It is an original film led by a female director, female producer, and predominantly female cast. The film was funded by an AXA Insurance Outlook Grant and a Queen Mary University of London Innovation Fund award. Pili won the Audience Award at Dinard British Film Festival in 2017. Producer and Director were nominated for a BAFTA Film Award in 2019, and Director for the British Independent Film Awards in 2018.

There are currently very few opportunities to highlight the complexities of the lives of women living with HIV. In contrast to the majority of materials currently available on this issue, Pili offers a human and emotional context to the technical aspects of programming. It also engages with key themes in the gender dimensions of the HIV/AIDS response. During screenings of Pili over the last two years, many viewers have asked for guidance on how to use the film to mobilise stakeholders to address the issues raised. In response, UN Women came up with the idea to design a practical toolkit jointly with the film producer to accompany the film.

The toolkit will be used by national governments, civil society, various UN and development partners in their advocacy work on gender equality and HIV. The specific target audience of the toolkit are decision-makers with influence on policy-making, practitioners and technical programme staff in government agencies across a range of related sectors. The toolkit can also be used with community-based practitioners, but the target should be those with decision-making power, for example, faith-based and traditional leaders,

etc. Using participatory methodologies, the toolkit will support facilitators to use the film as a vehicle for discussions around the key issues raised; how these link to broader processes of change for gender equality and improving HIV outcomes; and how to evoke sustainable accountability towards women with HIV.

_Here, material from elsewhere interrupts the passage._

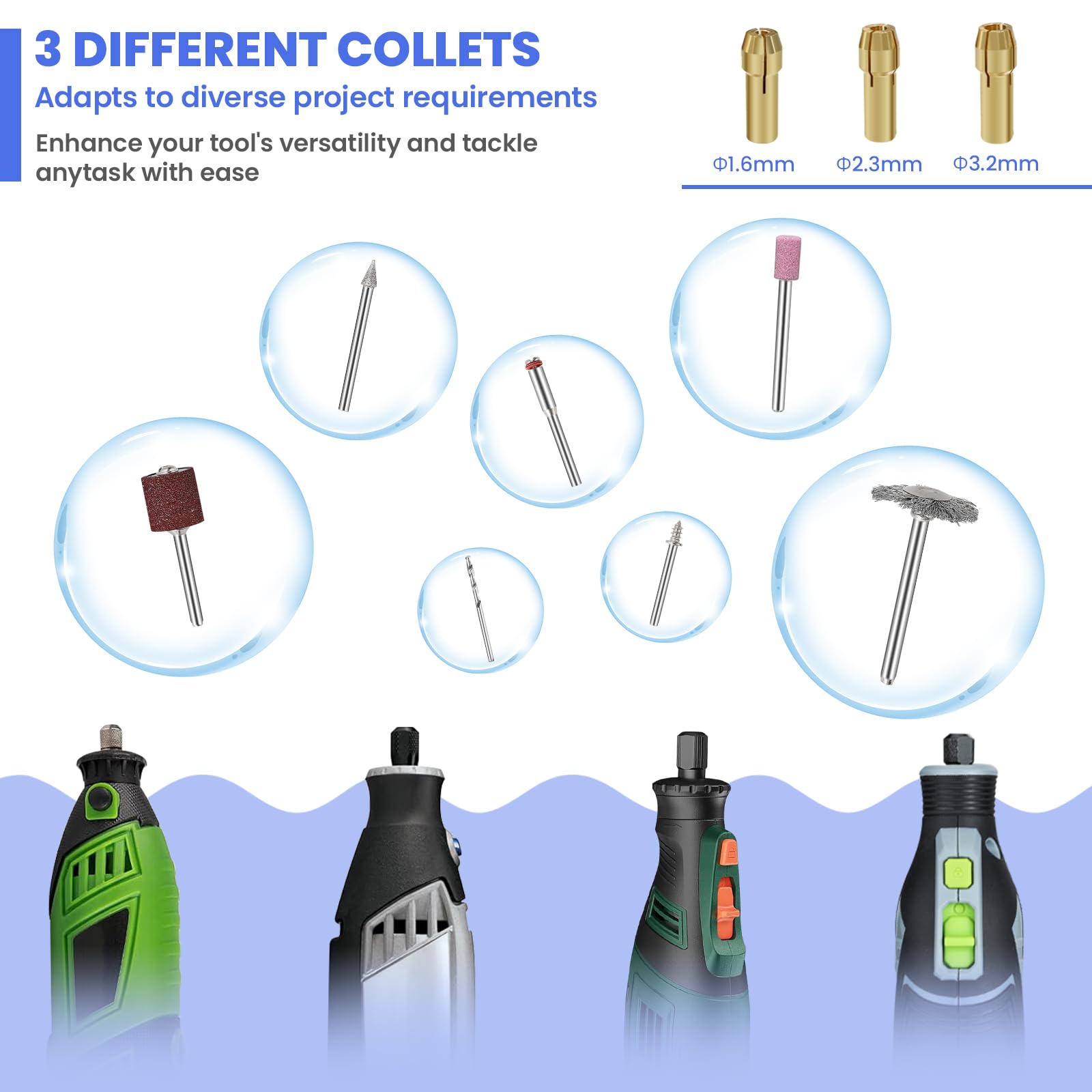 HARDELL Accessoires pour outils rotatifs 508 pièces tige 3,2 mm Dremel compatibles ponçage perçage polissage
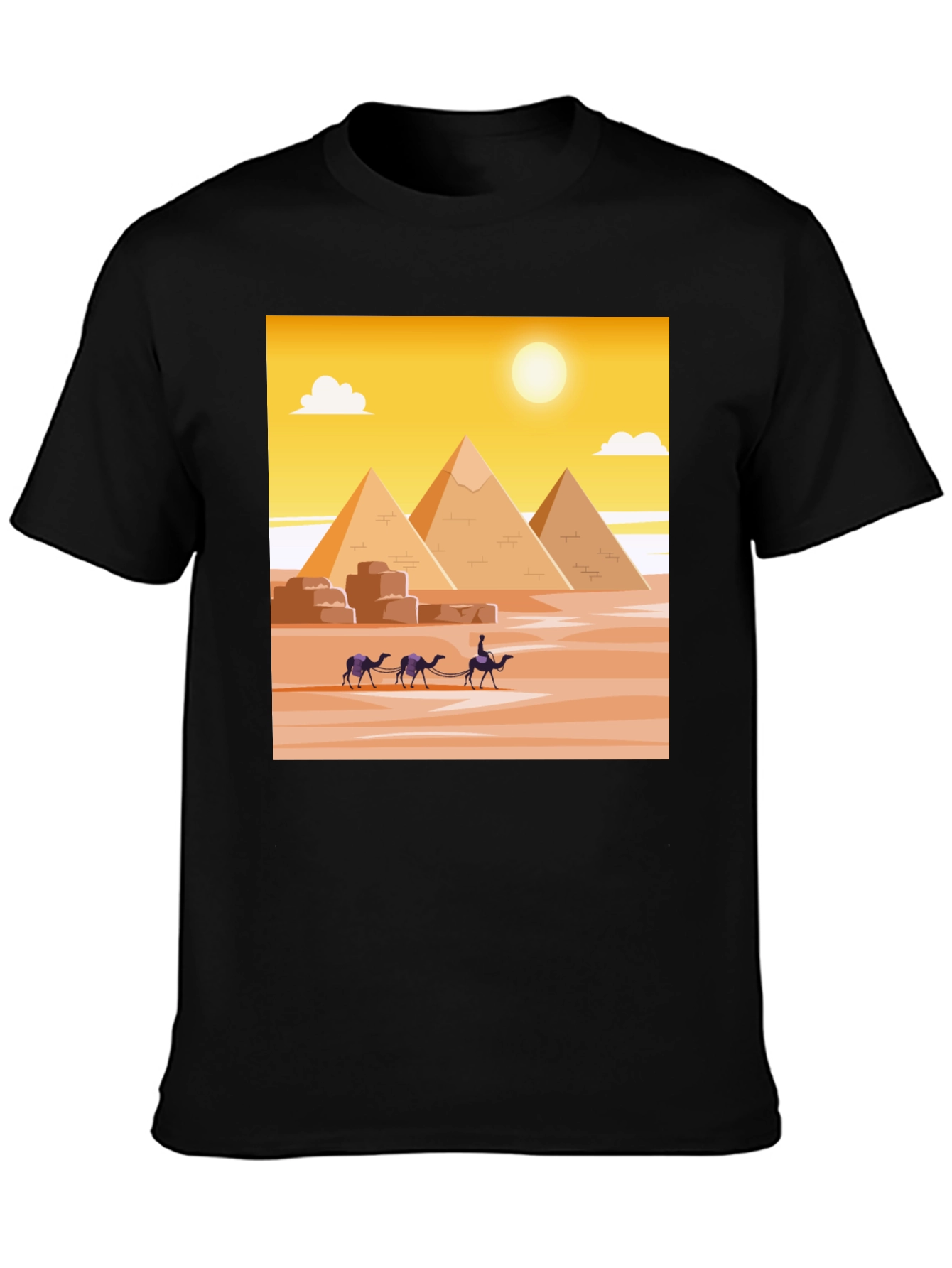 Egyptian Pyramids Graphic Tee - Classic Black T-Shirt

The toolkit is structured as follows. The first part sets out guidelines for facilitators, including an overview of participatory methodologies and tips for using the activities. The following three parts describe: prescreening activities; post-screening activities; and follow-up activities. The final part of the toolkit consists of annexes with supporting materials which provide facilitators with the basic background information they need in order to be able to use the toolkit.